Is your enhanced interest in having your dominant right eye edited purely a matter of physical expediency? Might this dramatic shift and its potential for even greater drama be the equivalent of a kid with a new toy? Will you, accordingly, come to the point of taking the change for granted? Is there some realistic hope that better lenses, better vision, and most assuredly, a greater yet peripheral vision capacity, will provide you a greater source of insight into your own and human behavior?
These are more than speculative questions when you realize you are fast moving toward the hundred twelfth month anniversary of yet another kind of surgery, wherein Dr. Alex Koper, with skill and success, rid your body of a portion of tissue in which rebellious, driven tissues were staging an Occupy Lowenkopf movement?
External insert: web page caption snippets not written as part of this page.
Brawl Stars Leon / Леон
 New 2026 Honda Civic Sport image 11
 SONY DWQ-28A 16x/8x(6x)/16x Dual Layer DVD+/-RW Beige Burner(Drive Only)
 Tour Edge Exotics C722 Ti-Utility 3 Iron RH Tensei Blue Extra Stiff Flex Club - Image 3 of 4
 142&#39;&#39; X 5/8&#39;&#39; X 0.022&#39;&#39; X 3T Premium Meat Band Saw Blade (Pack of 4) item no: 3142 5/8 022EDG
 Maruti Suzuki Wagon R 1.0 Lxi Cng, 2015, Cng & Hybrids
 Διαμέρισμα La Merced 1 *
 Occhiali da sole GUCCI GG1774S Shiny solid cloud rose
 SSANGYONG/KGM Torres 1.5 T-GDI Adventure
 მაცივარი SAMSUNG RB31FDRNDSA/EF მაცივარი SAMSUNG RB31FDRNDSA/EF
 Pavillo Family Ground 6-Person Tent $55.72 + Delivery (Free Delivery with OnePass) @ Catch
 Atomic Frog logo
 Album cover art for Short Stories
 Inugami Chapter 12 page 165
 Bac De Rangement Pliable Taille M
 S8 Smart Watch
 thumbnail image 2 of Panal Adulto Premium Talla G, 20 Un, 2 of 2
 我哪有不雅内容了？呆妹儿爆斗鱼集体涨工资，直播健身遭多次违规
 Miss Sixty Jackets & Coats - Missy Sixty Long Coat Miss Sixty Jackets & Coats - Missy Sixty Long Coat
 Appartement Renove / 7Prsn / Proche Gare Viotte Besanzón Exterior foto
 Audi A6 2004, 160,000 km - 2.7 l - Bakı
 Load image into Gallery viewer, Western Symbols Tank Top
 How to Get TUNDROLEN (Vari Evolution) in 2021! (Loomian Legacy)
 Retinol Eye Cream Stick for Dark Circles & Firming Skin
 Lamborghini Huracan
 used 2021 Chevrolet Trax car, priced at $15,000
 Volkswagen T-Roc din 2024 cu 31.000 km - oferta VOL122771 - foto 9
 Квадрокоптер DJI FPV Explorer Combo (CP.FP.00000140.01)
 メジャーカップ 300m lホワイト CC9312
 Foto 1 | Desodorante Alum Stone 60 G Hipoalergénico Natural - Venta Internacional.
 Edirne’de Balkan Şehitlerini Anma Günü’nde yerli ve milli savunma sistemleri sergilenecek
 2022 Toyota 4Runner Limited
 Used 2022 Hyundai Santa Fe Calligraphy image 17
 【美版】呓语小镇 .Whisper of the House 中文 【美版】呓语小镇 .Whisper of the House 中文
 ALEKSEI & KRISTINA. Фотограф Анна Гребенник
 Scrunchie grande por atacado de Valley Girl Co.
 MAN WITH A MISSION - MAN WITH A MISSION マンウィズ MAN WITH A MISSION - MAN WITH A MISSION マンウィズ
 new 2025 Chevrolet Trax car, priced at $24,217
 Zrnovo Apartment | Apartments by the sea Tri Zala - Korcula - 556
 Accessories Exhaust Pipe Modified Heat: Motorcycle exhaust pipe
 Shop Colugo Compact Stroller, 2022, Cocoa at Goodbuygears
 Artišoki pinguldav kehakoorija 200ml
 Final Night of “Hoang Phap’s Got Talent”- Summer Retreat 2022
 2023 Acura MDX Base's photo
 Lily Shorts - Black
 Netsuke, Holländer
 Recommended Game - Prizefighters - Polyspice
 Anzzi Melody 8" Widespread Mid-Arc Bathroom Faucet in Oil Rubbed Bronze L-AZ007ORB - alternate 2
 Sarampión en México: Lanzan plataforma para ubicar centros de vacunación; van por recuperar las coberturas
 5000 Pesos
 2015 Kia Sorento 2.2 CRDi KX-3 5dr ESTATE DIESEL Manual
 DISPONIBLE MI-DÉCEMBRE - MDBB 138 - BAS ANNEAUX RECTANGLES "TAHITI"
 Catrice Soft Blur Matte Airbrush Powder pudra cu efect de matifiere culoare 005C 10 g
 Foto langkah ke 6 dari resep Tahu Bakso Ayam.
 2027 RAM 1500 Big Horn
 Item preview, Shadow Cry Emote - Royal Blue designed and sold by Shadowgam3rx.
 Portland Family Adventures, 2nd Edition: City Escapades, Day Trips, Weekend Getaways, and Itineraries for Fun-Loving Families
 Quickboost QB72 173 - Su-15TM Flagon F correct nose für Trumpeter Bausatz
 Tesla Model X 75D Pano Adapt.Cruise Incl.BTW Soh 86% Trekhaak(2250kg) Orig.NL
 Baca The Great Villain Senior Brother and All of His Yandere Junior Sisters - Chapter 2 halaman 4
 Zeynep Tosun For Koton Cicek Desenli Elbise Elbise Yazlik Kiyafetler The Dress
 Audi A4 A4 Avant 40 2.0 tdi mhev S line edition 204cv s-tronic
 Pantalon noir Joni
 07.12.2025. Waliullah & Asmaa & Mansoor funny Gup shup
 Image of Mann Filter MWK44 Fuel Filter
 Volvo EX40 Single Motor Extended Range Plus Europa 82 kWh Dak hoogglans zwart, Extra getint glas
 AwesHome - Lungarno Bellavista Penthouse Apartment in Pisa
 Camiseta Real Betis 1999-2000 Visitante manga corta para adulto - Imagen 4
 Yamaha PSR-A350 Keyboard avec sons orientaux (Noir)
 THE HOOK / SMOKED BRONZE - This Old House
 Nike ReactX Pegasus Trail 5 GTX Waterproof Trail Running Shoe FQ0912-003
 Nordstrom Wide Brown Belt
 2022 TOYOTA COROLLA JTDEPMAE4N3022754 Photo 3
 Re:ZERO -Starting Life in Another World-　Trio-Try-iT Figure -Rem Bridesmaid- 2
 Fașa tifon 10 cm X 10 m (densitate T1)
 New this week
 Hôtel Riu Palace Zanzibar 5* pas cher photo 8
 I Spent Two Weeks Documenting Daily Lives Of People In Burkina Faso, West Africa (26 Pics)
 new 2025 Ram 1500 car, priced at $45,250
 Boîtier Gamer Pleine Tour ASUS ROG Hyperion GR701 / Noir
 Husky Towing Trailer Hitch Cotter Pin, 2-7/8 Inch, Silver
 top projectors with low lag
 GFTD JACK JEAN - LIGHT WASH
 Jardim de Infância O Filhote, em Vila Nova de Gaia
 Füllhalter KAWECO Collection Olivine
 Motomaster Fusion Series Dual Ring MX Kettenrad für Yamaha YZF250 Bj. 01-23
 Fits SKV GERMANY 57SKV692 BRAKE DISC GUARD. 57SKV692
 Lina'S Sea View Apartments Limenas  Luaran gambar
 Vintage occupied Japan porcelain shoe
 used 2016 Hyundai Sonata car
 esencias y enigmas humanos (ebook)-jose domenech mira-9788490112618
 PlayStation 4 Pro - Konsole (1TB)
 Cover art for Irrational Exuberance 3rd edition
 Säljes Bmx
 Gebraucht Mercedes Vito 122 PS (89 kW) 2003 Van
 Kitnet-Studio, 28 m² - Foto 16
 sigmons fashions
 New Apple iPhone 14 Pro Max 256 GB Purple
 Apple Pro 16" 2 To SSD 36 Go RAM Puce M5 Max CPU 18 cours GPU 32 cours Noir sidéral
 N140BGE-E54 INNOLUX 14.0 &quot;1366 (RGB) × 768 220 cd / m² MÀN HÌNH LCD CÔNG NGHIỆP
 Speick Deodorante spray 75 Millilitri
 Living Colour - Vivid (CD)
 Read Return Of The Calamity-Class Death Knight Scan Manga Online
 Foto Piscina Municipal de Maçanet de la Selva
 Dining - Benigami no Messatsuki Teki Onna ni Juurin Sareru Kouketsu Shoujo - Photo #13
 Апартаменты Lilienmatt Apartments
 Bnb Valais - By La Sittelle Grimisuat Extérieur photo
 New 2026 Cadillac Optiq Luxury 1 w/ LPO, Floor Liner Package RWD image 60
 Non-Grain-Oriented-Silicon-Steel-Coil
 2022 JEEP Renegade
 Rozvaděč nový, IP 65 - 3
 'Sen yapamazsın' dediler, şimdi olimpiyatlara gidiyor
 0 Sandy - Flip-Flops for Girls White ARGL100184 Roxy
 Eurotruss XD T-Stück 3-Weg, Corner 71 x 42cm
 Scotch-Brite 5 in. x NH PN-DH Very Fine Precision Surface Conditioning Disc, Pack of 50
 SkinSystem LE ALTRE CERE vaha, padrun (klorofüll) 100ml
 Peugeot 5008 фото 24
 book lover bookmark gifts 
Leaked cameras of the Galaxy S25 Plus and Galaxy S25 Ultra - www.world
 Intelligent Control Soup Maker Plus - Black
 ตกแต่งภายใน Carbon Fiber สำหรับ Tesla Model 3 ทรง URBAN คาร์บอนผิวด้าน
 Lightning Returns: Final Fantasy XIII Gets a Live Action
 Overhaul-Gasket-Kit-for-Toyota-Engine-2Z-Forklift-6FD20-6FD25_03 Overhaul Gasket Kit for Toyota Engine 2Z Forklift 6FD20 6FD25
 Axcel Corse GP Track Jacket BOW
As regular check-ups and various imaging tests confirmed your cancer-free state, you were aware of resolving to be a more deliberate person, a better person, a more engaged person. Now you add to that calculus a vision of a super-hero-type character who can already, after one day, see a bit better, bound to a place where you will see better yet with both eyes. You are asking for ways to achieve the gift of greater cognitive vision as well, aren't you? You're looking for ways to effect an editorial process on your empathy, your abilities, your generosity, your appreciation.
The University of Southern California Dental School and, later, Paul Avolese have worked some remarkable editorial work on your teeth and gums. Alex Koper has done some skillful editing in your lower abdomen, D. Ross McNaught and John Gainor have edited your hips, and now, Douglas Katsev has added his talents to your eyes.
You have a challenge before you, which is to understand and accept your newly edited self, then carry it, word by word, to your computer screen, notepads, and lectures where, word by word, you must rise to the edited version you have become.